(Records supplied begins)

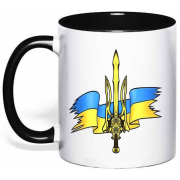 Чашка с гербом Украины и флагом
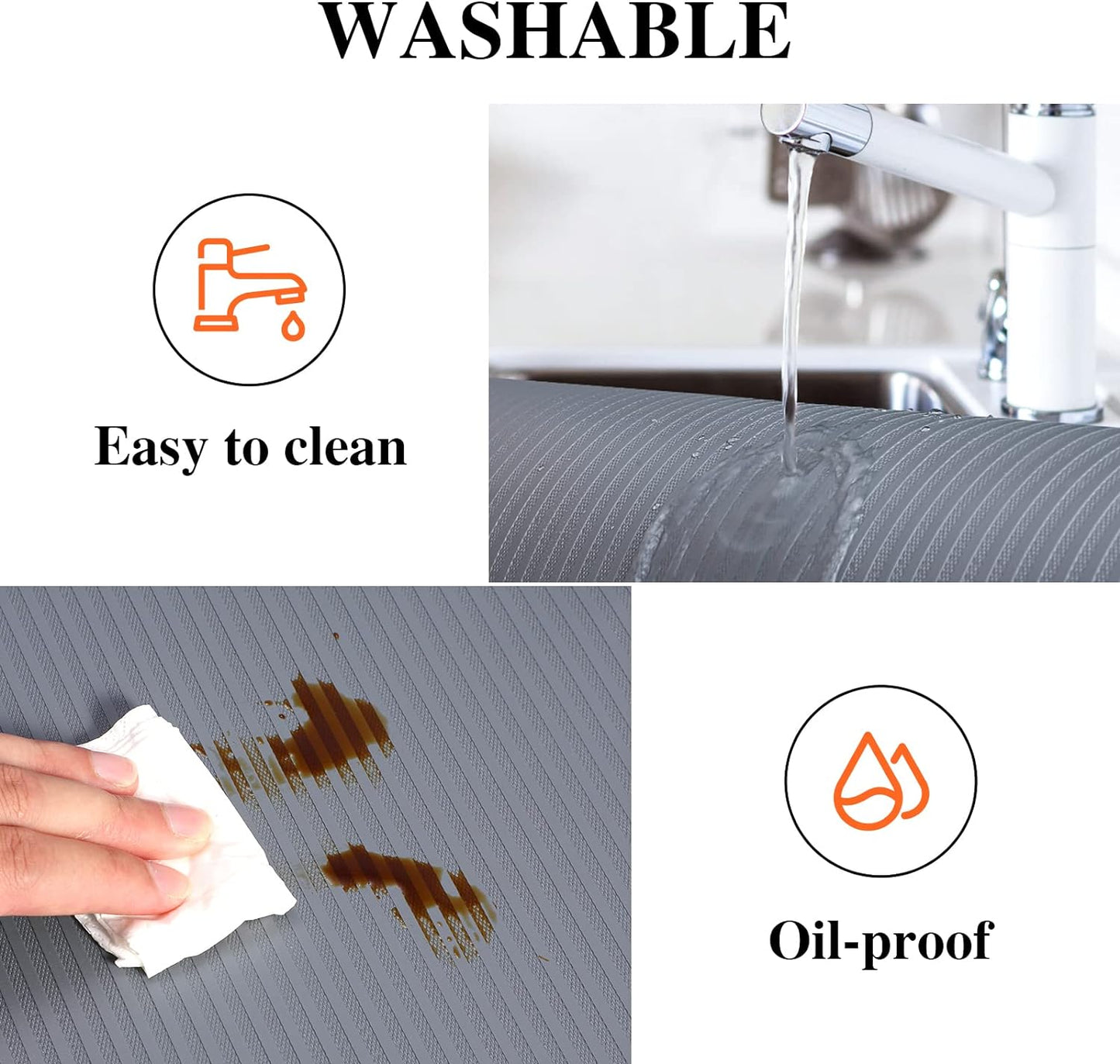 Shelf Liners for Kitchen Cabinets, 22Inch x 30Ft, Non Adhesive Shelf Liner, Non-Slip Kitchen Drawer Liners, Waterproof Durable Cabinet Liners for Shelves, Refrigerator, Pantry, Dark Gray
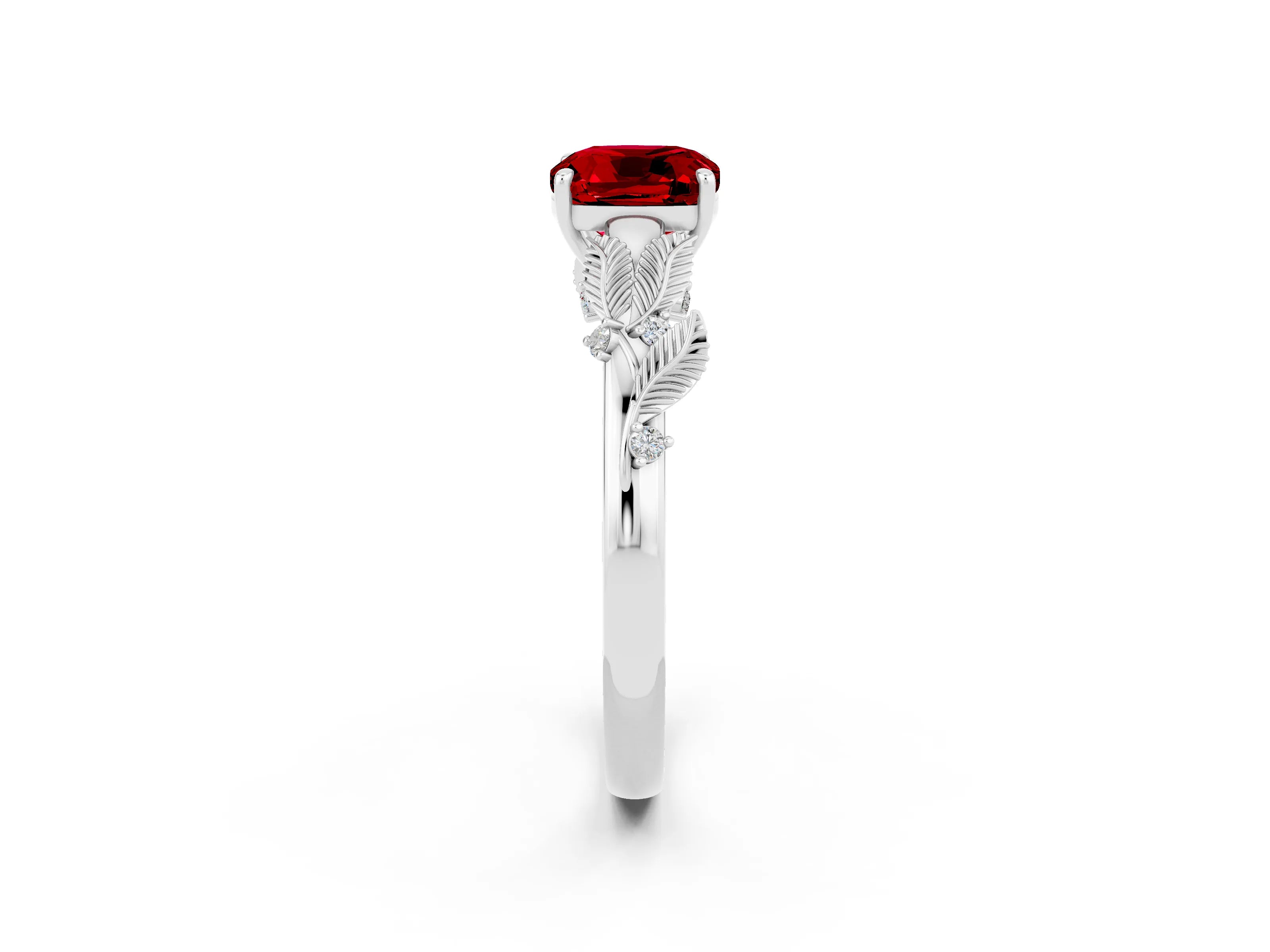 White gold Cushion Cut Ruby Solitaire Ring with Leaf Motif Band and Four-Prong Setting_9
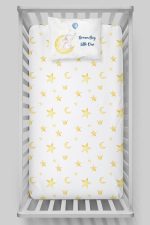 Organik Bebek Boy Lastikli Çarşaf Seti - Sevimli Ay fısıltısı - Görsel 3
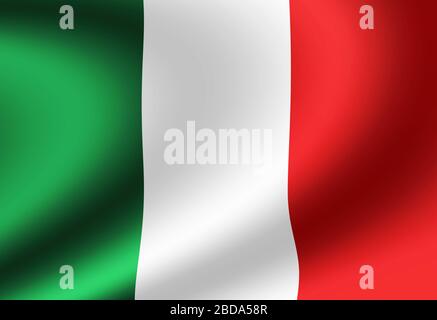 Waving national flag illustration (Italy) Stock Photo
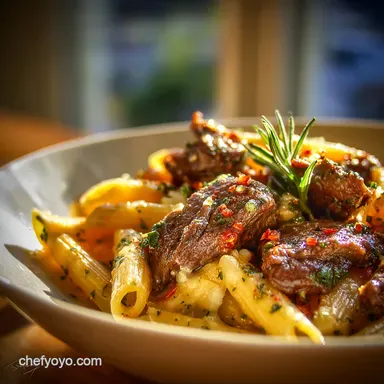 Creamy Cheesy Penne with Garlic Butter Ground Beef Bake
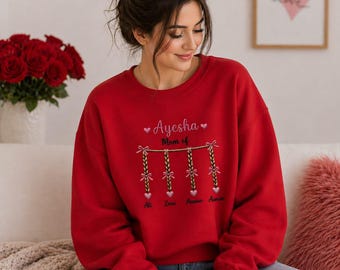 Mom Sweatshirt with Embroided kid Names : Mothers day Gift Custom | Customized Mothers Birthady Gift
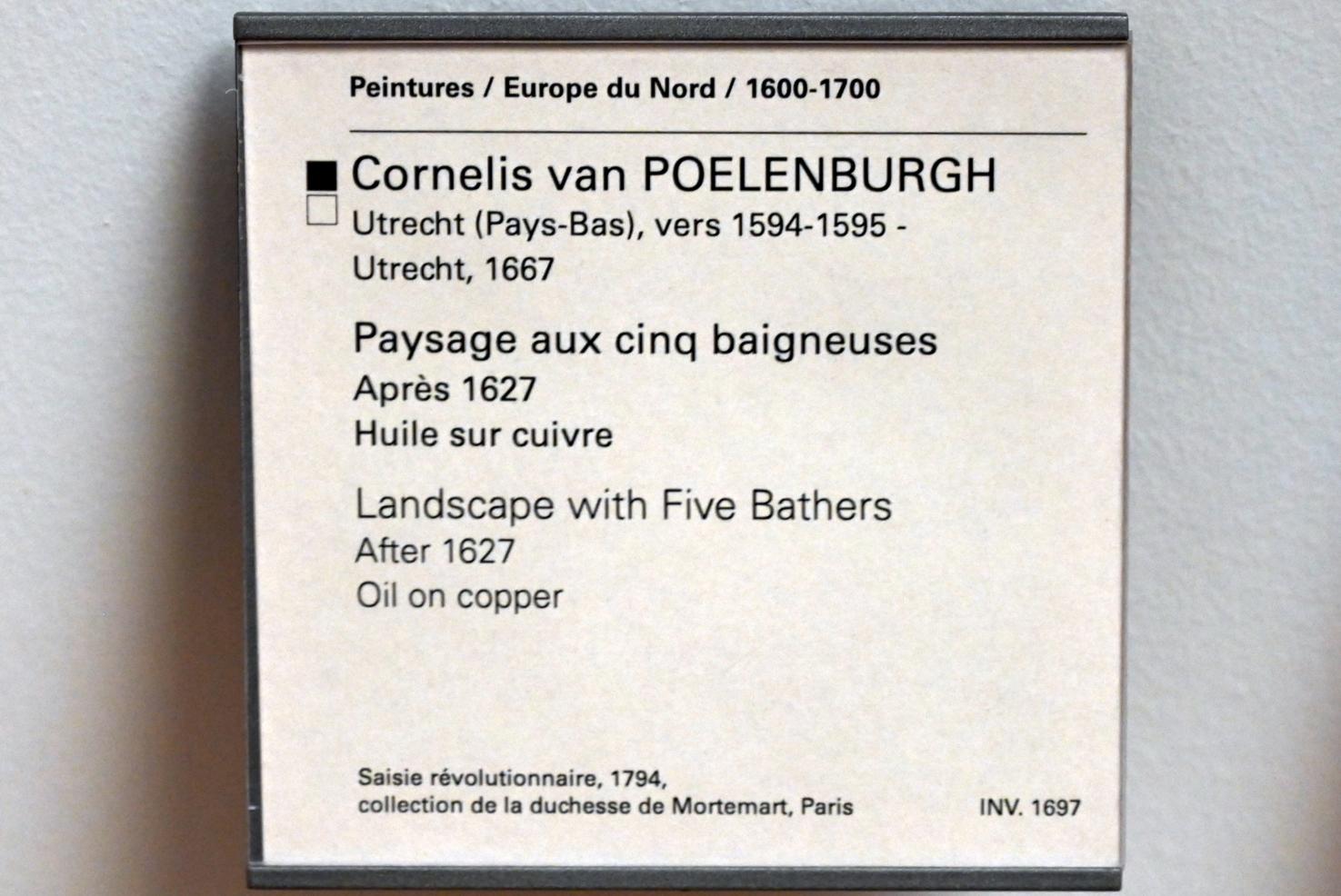 Cornelis van Poelenburgh (1620–1646), Landschaft mit fünf Badenden, Paris, Musée du Louvre, Saal 852, nach 1627, Bild 2/2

(Records supplied ends)

* _Problem to solve_
Every line from the one containing "Waving national flag" through the last line of the data is to be retyped exactly, with nothing added and no pictures included.

* _Your solution_
 Waving national flag illustration (Italy) Stock Photo
 Creamy Cheesy Penne with Garlic Butter Ground Beef Bake
 Mom Sweatshirt with Embroided kid Names : Mothers day Gift Custom | Customized Mothers Birthady Gift
 Cornelis van Poelenburgh (1620–1646), Landschaft mit fünf Badenden, Paris, Musée du Louvre, Saal 852, nach 1627, Bild 2/2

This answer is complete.